◆ **Given data**:
-------------------------
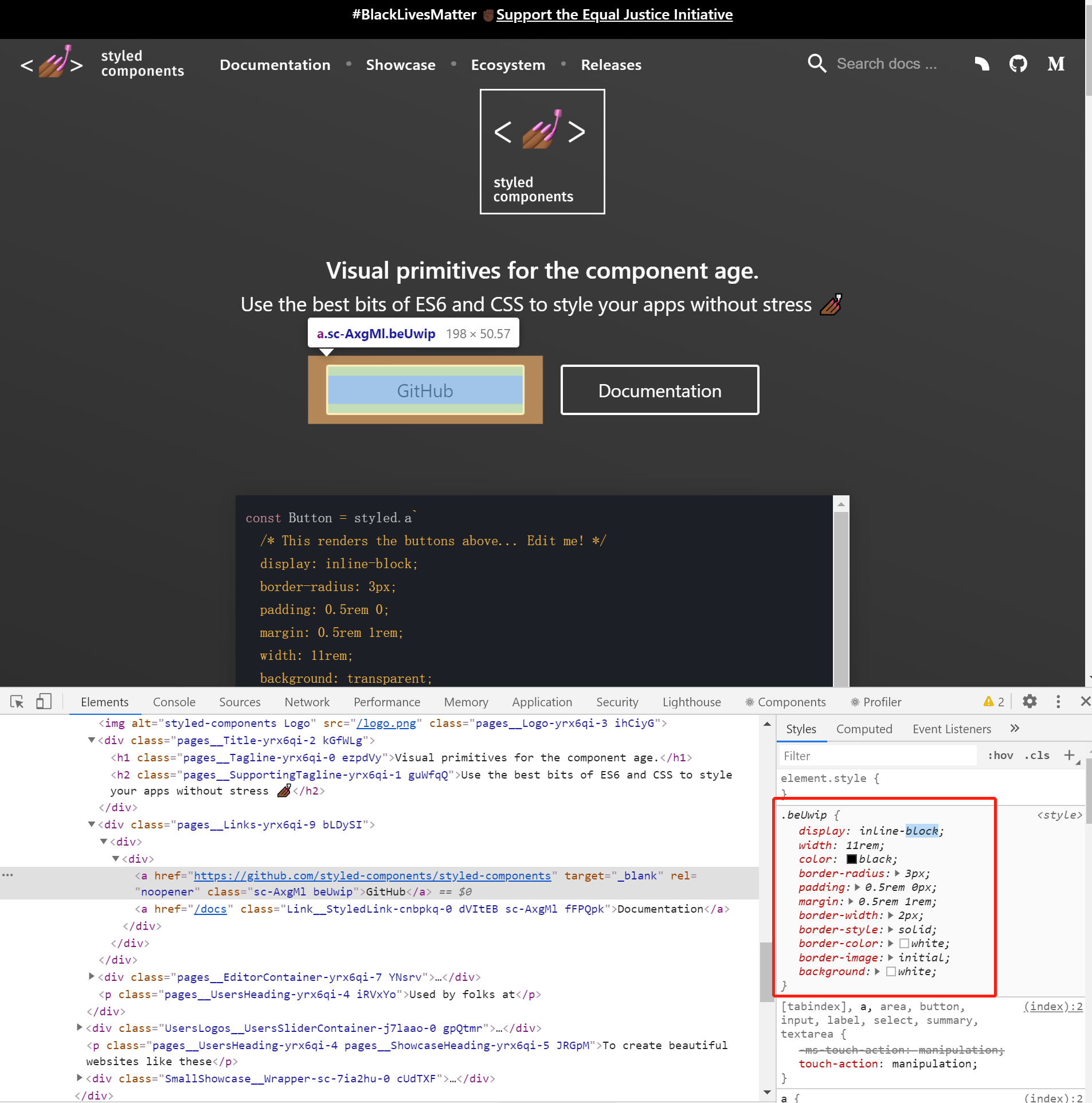 styled-components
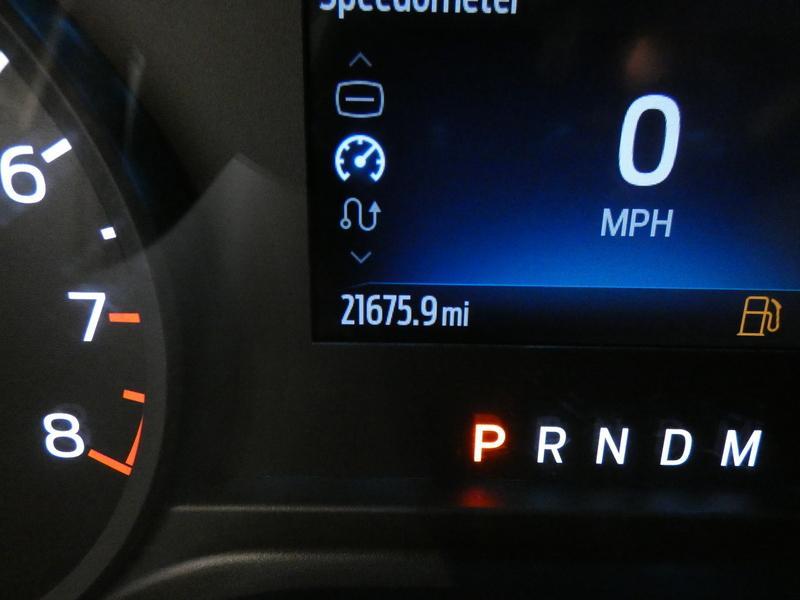 used 2023 Ford F-150 car, priced at $41,651
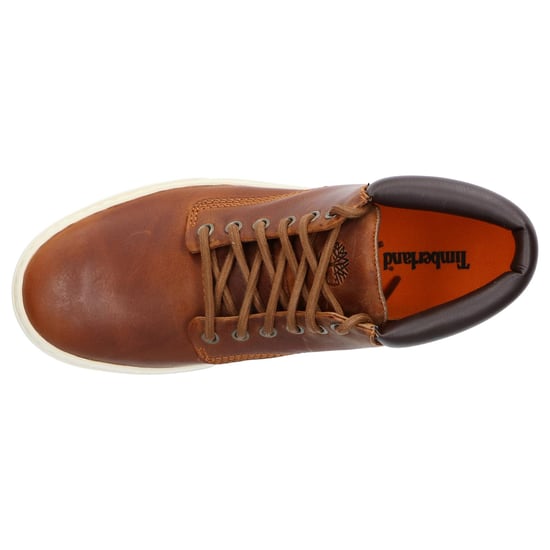 Timberland Herren Stiefeletten in Braun - Image 6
-------------------------
◆ **What you are asked to do**: Go through the material above and repeat it exactly. Omit the pictures.

◆ **Completed task**:
 styled-components
 used 2023 Ford F-150 car, priced at $41,651
 Timberland Herren Stiefeletten in Braun - Image 6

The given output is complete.